Any other oldies remember this? Have any memories to share?

I first went as a child with my Dad, I recall a sign at the Big Dipper entrance suggesting pipe smokers remove their pipes during the ride, I asked my Dad why and he said that because of the speeds achieved a pipe could get lodged in the back of the throat and the person would choke and die. Forever the party pooper was my dad. We didn't go on the ride.

Some years later, about 1971, I went with a bunch of friends whilst being stoned on quality black and had a magnificent time, Big Dipper and all the rest. As I say magnificent.
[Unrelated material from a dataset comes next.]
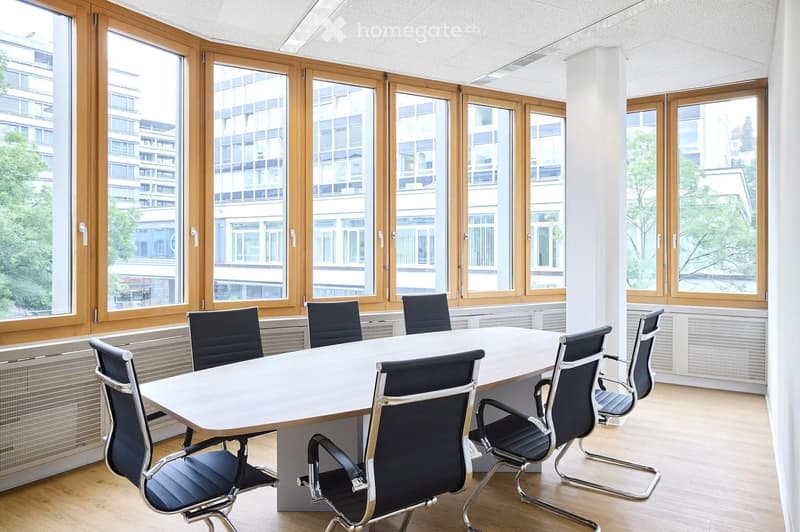 Bright conference room with large windows, a long white table, and several black chairs arranged around it.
This youtube video claims to be from 1976 but from what I remember the funfair closed about 1973 after an accident which killed a bunch of kids.
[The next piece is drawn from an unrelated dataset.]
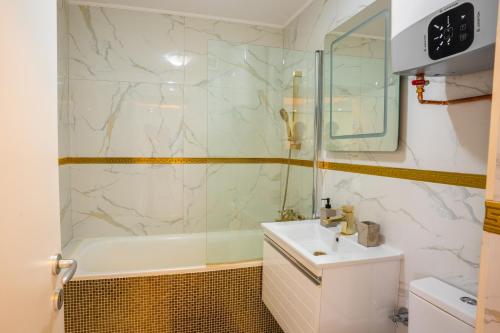 a bathroom with a tub and a sink and a shower at Quiet Marble Apt with Free Parking Spot Old Town in Bucharest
It's pretty good video, well edited. I think.

It would be nice if we had a permanent playground like this again but I reckon it would be crawling with wrong'uns or CCTV.
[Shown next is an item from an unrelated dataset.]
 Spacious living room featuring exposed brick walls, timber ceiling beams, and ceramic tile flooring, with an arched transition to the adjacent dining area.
Sometimes you just can't win.


----------



## dessiato (Jan 30, 2012)

I remember going but have no recollection of it except that I went to the toilet!


----------



## spliff (Jan 30, 2012)

In the toilet, or did you do a no-no?


----------



## boohoo (Jan 30, 2012)

Bit before my time - looks like a good funfair.

Here's an article about the accident.  Looks like you are right about the closure dates.


----------



## boohoo (Jan 30, 2012)

Footage of big dipper being tested.

Looks like that accident is the worst roller coaster accident ever.


----------



## Spud Murfy (Jan 30, 2012)

Can't remember going or not, but certainly recall when the accident happened and bad things being said about fairground showmen as a result.


----------



## TopCat (Jan 30, 2012)

I lived just over the water from the park and remember the fair. I never got to go on it but the remains of the fair were there to amuse for several years after.


----------



## Spud Murfy (Jan 30, 2012)

TopCat said:


> I lived just over the water from the park and remember the fair. I never got to go on it but the remains of the fair were there to amuse for several years after.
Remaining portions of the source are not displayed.